→ **Activity**: Apart from the pictures, every entry must be retyped exactly.

-------- Records supplied

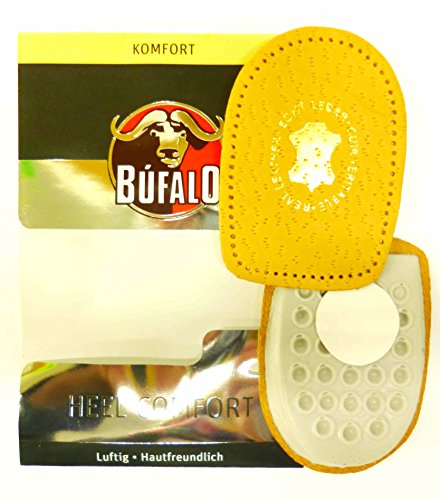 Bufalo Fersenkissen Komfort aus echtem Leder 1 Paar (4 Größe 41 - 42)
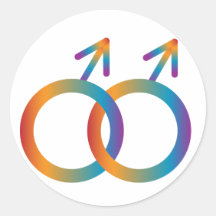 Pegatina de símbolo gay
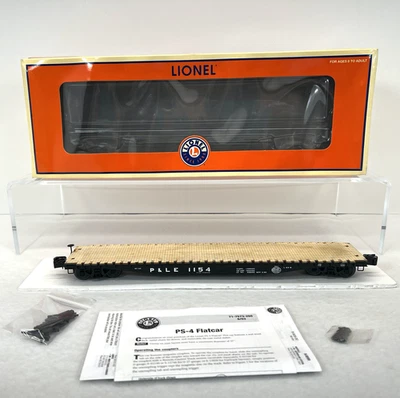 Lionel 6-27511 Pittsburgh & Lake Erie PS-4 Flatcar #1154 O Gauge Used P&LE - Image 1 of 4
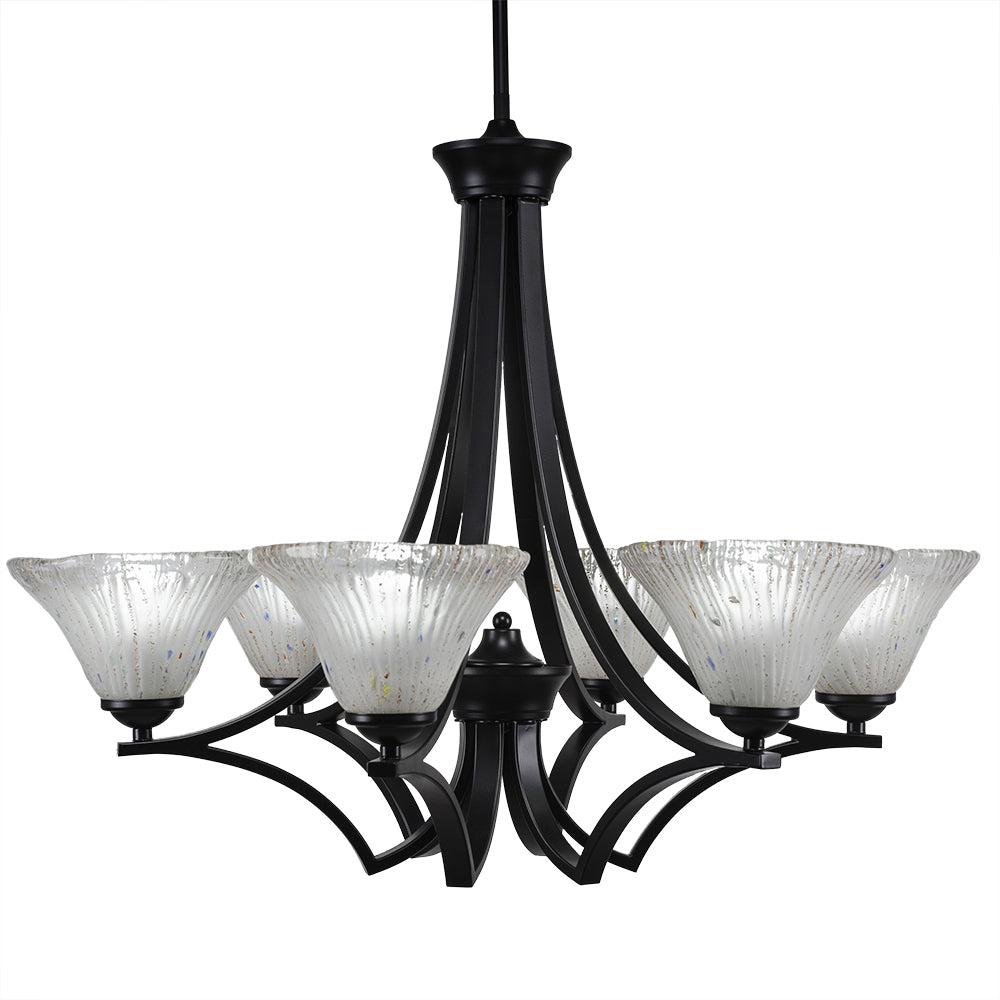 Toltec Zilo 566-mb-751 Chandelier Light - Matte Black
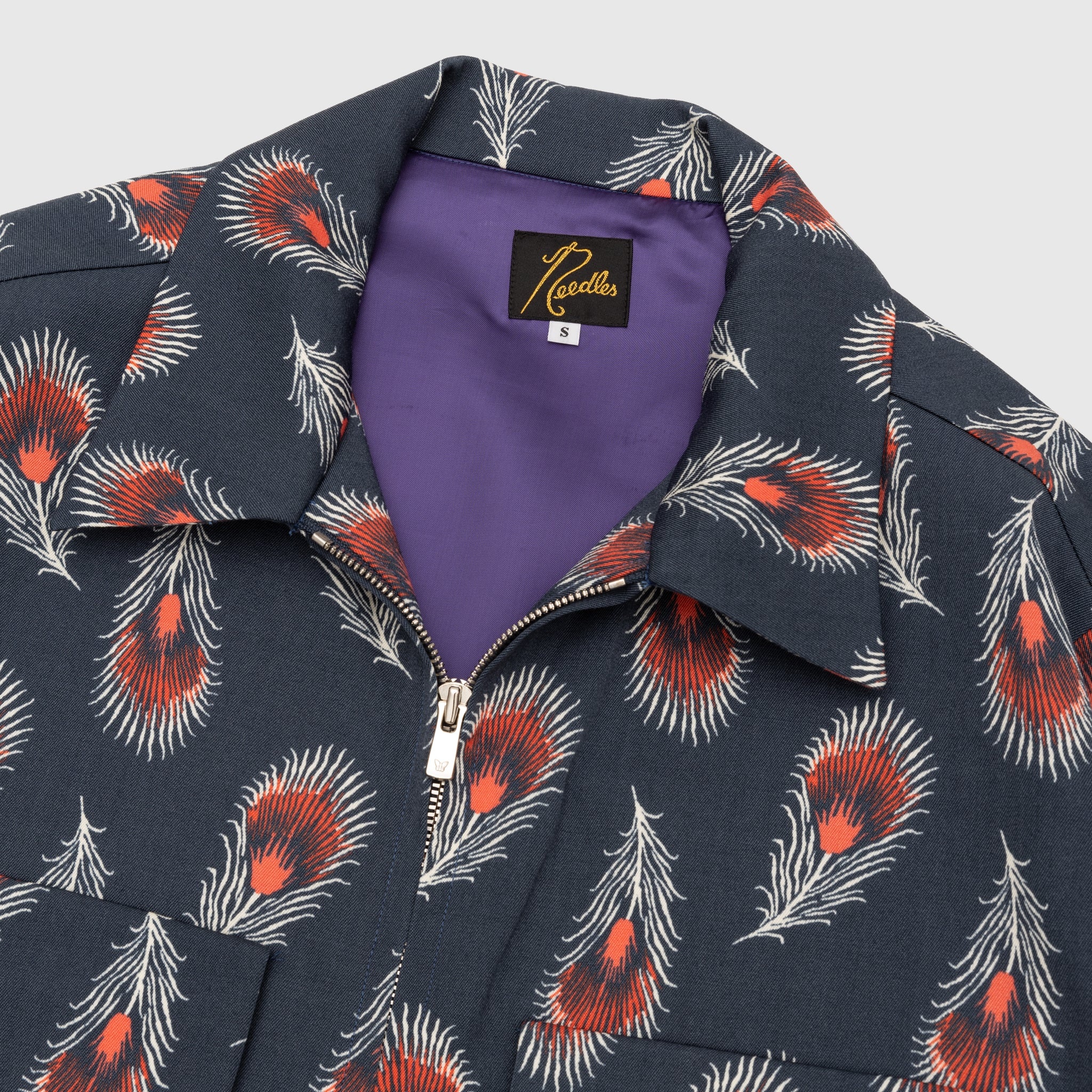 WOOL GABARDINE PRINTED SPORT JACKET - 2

----------------

→ **Exercise answer**:
 Bufalo Fersenkissen Komfort aus echtem Leder 1 Paar (4 Größe 41 - 42)
 Pegatina de símbolo gay
 Lionel 6-27511 Pittsburgh & Lake Erie PS-4 Flatcar #1154 O Gauge Used P&LE - Image 1 of 4
 Toltec Zilo 566-mb-751 Chandelier Light - Matte Black
 WOOL GABARDINE PRINTED SPORT JACKET - 2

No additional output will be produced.